Valcides hoje está doente e não mais trabalha. Recebe os cuidados da família, especialmente da Ana Rita, que zela pela saúde precária do irmão e guarda com carinho material ligado a ele (fotos, recortes de jornal e revista, registro de fatos alusivos à sua trajetória profissional...). Com a valiosa colaboração dela, pude conversar com Valcides. Confira.


Destaque da fase inicial

“Foi um quadro em alto-relevo de Nossa Senhora do Carmo, que deu de presente para sua irmã,a Carminha, casada com José Ramos de Melo.”


A comercialização das peças

“Foi através de seu primo (Padre Jairo) e sua amiga (Olga Gutierrez), para os quais fez vários trabalhos”.


O destino das peças

“Belo Horizonte, Juiz de Fora, Rio de Janeiro, São Paulo, Barbacena, Lagoa Dourada, Nova Serrana, Lafaiete, São João del Rei, Piedade do Rio Grande, Baependi, Brasília, cidade paulista de Queluz, Tiradentes, Rio Grande do Sul, entre outras localidades de que não se lembra no momento.
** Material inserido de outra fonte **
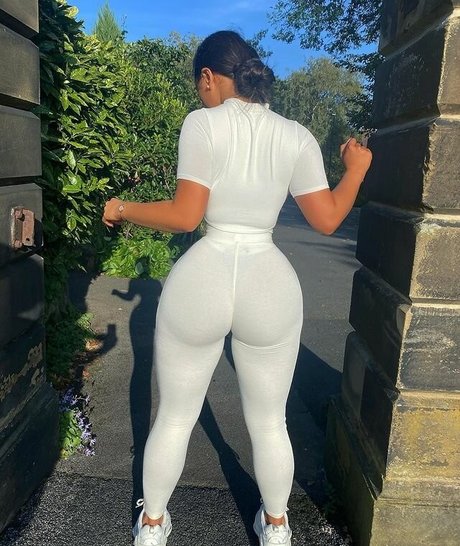 ワークアウト オンリーファンズ えろ 画像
Aliás, não se pode esquecer do Vaticano (Roma).”

OBS. _O texto acima faz referência ao Vaticano, onde no dia 17/08/1998 o Padre Antônio Gonçalves (BH) passou “às mãos do Papa João Paulo ll uma imagem de Nossa Senhora da Boa Viagem esculpida pelo mineiro de Resende Costa,Alcides Arvelos”.


A peça de maior valor estimativo

“Uma Santíssima Trindade, que se encontra em Tiradentes.”


Suas obras em Resende Costa

“Na matriz de Nossa Senhora da Penha, na casa do Dr. Geraldo Melo (que o chama de mestre), na casa da Regina do Pimpa, na casa da dona Marizica, na casa da Naná (viúva do saudoso Hugo do Antônio Honório), no Barracão (capela), em Jacarandira, no Lar São Camilo de Lélis (um Cristo crucificado)...”

Quando perguntado se acha que seu trabalho é valorizado, Valcides se cala por um momento, para em seguida citar os nomes dos saudosos padre Laurinho (filho da dona Ester e do “seu” Alfredo Pinto) e do monsenhor Nélson, lembrando que foi muito valorizado por ambos.

“NÃO VAI SAIR DESSE JEITO, NÃO. VAI SAIR COMO EU VEJO O SANTO, NA MINHA CONSCIÊNCIA.” Não há mesmo palavras mais felizes para definir o dom de alguém que, autodidata, é criador sensível de uma arte sem igual.